Julian has now joined Kernel, a company aiming to build next-generation brain-machine interfaces. He has written about machine learning, biophysics, high-performance computing, and plasma physics.
Alexey Svyatkovskiy is a Senior Data Scientist at Microsoft, Cloud & AI. His research interests focus on machine learning algorithms that understand and generate source code, aiming to improve automated software developer tools in Azure cloud and Visual Studio Code IDE.
As a member of the FRNN team he contributes to the development of the prediction algorithm. He has ported the software to several HPC systems and collected performance results.
Alexey holds a PhD in Physics from Purdue University. His thesis research focused on dimuon physics analyses and charge particle reconstruction algorithms at very high energies. Dr. Svyatkovskiy has contributed to the activities of the CMS collaboration at the Large Hadron Collider towards the world-famous Higgs boson discovery, which was published in Physics Letters B in 2012.
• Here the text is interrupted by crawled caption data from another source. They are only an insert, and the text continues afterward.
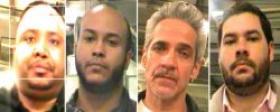 New Yorkers gearresteerd wegens roulette oplichting in casino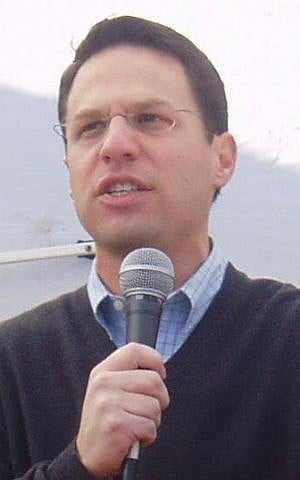 Pennsylvania Attorney General Josh Shapiro (CC BY-SA 3.0, Mark Koenig, Wikipedia)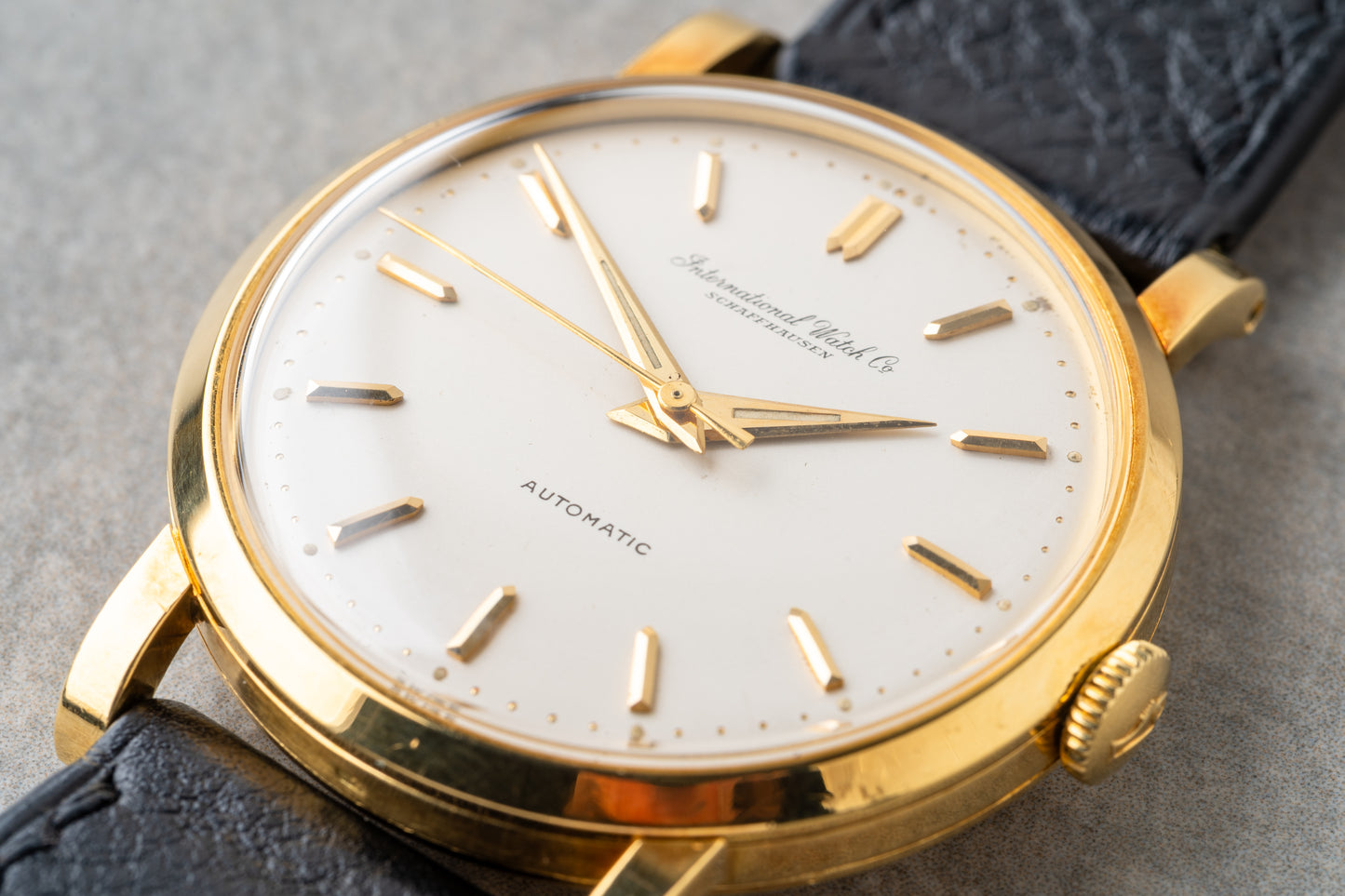 1958 IWC Calatrava Cal.853 18K Automatic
Eliot Feibush leads the Princeton Visualization Consortium which includes the Princeton Institute for Computational Science and Engineering, the Geophysical Fluid Dynamics Laboratory, and PPPL. He joined the Computational Plasma Physics Group in 2001. Eliot received his Bacheolor of Architecture and Master of Science in computer graphics from Cornell University.
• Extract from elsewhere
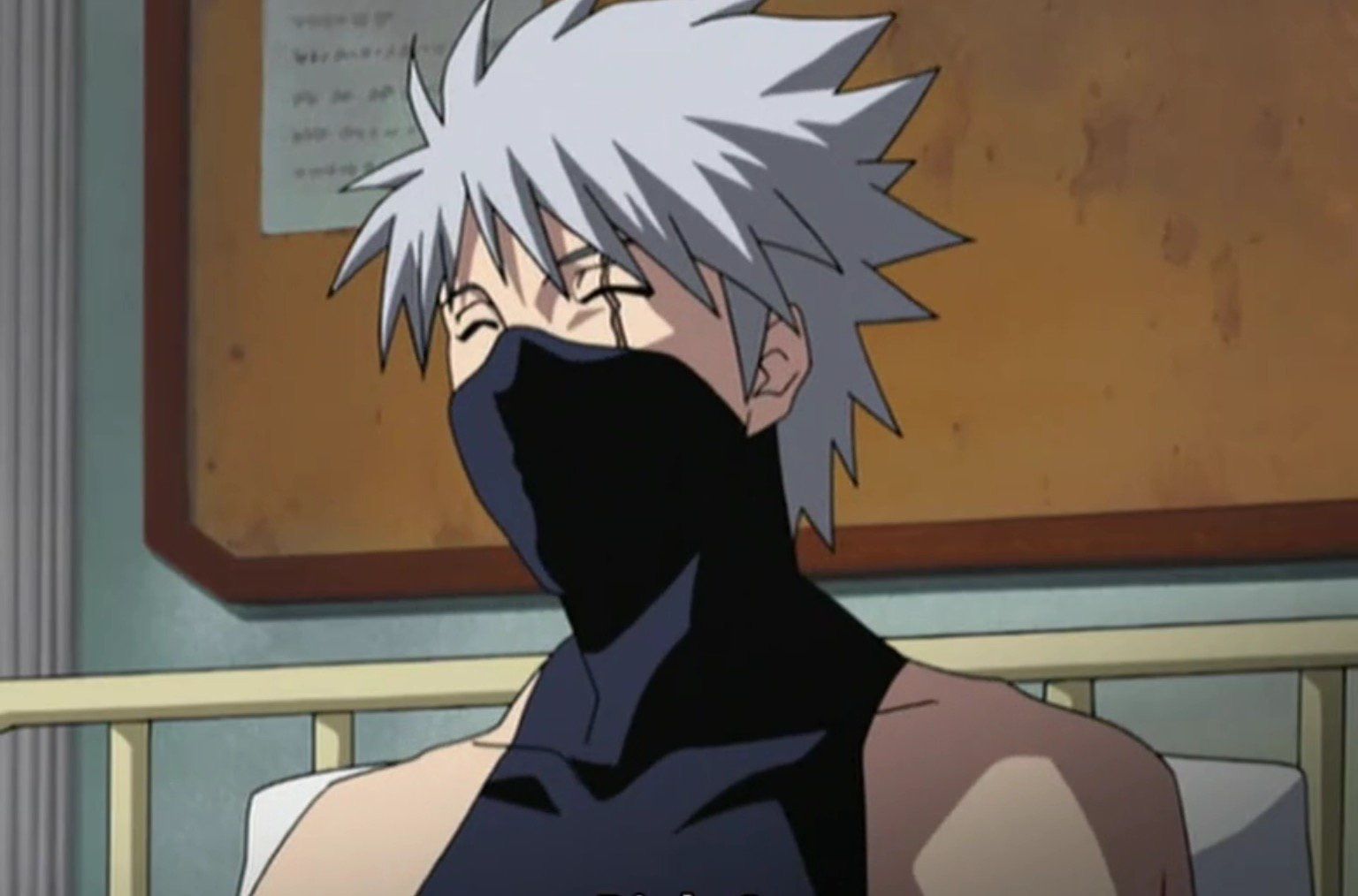 The Life Of Kakashi Hatake (UPDATED)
Eliot specializes in scientific visualization. As a member of the High Performance Computing Team, he is creating visualizations of fusion simulations and plasma physics experiments. Other efforts include developing scientific graphics software for showing data acquired from experiments and subsequent analysis.
Kyle Felker is currently a postdoctoral appointee at Argonne National Laboratory in the Leadership Computing Facility. He is the project’s appointee in the Aurora Early Science Program, where he is charged with preparing the group’s software for deployment on Aurora, the nation’s first exascale system planned for delivery in 2021.
Kyle has extensive experience in high-performance computing, software engineering, and computational physics, and he is developing as a practitioner of machine learning. He received his PhD in Applied and Computational Mathematics from Princeton University in 2019 and his BA from the University of Chicago in 2013.
Dan is a staff research physicist at Princeton Plasma Physics Laboratory in the Advanced Scenarios and Control group for the National Spherical Torus Experiment Upgrade (NSTX-U). His research focuses on optimization and feedback control for fusion reactor operation. His publications include work on control algorithm development for NSTX-U and DIII-D, and development of machine learning accelerated models for predicting fusion reactor performance and operational boundaries fast enough for real-time applications.
Keith Erickson is the Realtime Linux Engineering lead at the DOE Princeton Plasma Physics Lab (PPPL) managed by Princeton University. After designing real-time control systems while employed by Lockheed Martin, he now works on plasma control and protection systems for fusion energy magnetic confinement "tokamak" experiments both domestically and internationally. He is a leading expert in the design and implementation of real-time systems that achieve determinism thresholds of one microsecond or less through the innovative use of new technologies.
Dr. Ge Dong is a postdoctoral research associate at the Princeton Plasma Physics Laboratory. With her expertise in AI/Deep Learning she is investigating plasma disruption and instabilities using the modern Fusion Recurrent Neural Network (FRNN) software. With complementary expertise in both first-principles analytic theory and advanced gyrokinetic simulations she is using the state-of-the-art nonlinear electromagnetic Gyrokinetic Toroidal Code (GTC).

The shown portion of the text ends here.